Feldbrunnen

Bootssteg, aber nicht schwimmend, sondern fest

Geplanter Standort vom Steg vis-à-vis vom Zuchwiler Sportzentrum.

Geplanter Standort vom Steg vis-à-vis vom Zuchwiler Sportzentrum.

Der Verein Schiffaare plant einen Steg an der Aare. Und der Feldbrunner Gemeinderat hat ein Budget mit schwarzen Zahlen gutgeheissen.

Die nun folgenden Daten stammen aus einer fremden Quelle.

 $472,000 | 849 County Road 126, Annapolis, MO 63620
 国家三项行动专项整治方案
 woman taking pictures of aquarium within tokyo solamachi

Der Verein Schiffaare plant in Feldbrunnen einen Bootssteg. Die Landbesitzerin hat die Gemeinde angefragt, ob diese den Landstreifen zwischen Aare und Fussweg übernehmen würde, was im Gemeinderat von Feldbrunnen wohlwollend aufgenommen wurde. Nun werden die Details abgeklärt. Der Bootssteg soll feste Installation erhalten. Ein schwimmender Steg wird nach einem Vorfall beim Kraftwerk Flumenthal als zu unsicher betrachtet. Der dortige Steg, der von Bootsfahrern bei der Überwindung des Wehrs genutzt wird, schwimmt auf Fässern, wobei keine Angaben zur maximalen Tragfähigkeit angegeben waren. Eine Gesellschaft musste dies mit einem Bad in der Aare zur Kenntnis nehmen. Nach dem Ausstieg aus dem Boot befanden sich laut Beobachtern zu viele Menschen auf dem Steg. Dieser sank ins Wasser. Es gab einzig Sachschaden. Menschen wurden nicht verletzt.

Budget mit Fragezeichen

Zwei Gemeinderatssitzungen und eine Klausur brauchte der Gemeinderat für die Erarbeitung des Budgets. Nun sind die Zahlen schwarz. Der Ertragsüberschuss sollte sich bei 70 000 Franken einpendeln. «Wir haben alles herausgepresst und sind minuziös die Posten durchgegangen», berichtet Gemeindepräsidentin Anita Panzer. Die Investitionen belaufen sich auf 630 000 Franken. Grössere Posten betreffen die Sanierung der Kantonsstrasse und der Bahnübergänge. «Auch beim Schulhaus haben wir Sanierungsbedarf.» Trotz einem Finanzierungsfehlbetrag von 217 000 Franken hofft Panzer, dass die flüssigen Mittel ausreichen und keine Neuverschuldung in Kauf genommen werden muss. Grosses Fragezeichen bilde der Finanzausgleich. Aktuell muss Feldbrunnen gut 225 000 Franken zahlen. Neu droht bei Annahme des neuen innerkantonalen Finanzausgleichs in der Abstimmung Ende November bis 2020 das Vierfache. «Wir müssten schon für das nächste Budget eine Steuererhöhung diskutieren.»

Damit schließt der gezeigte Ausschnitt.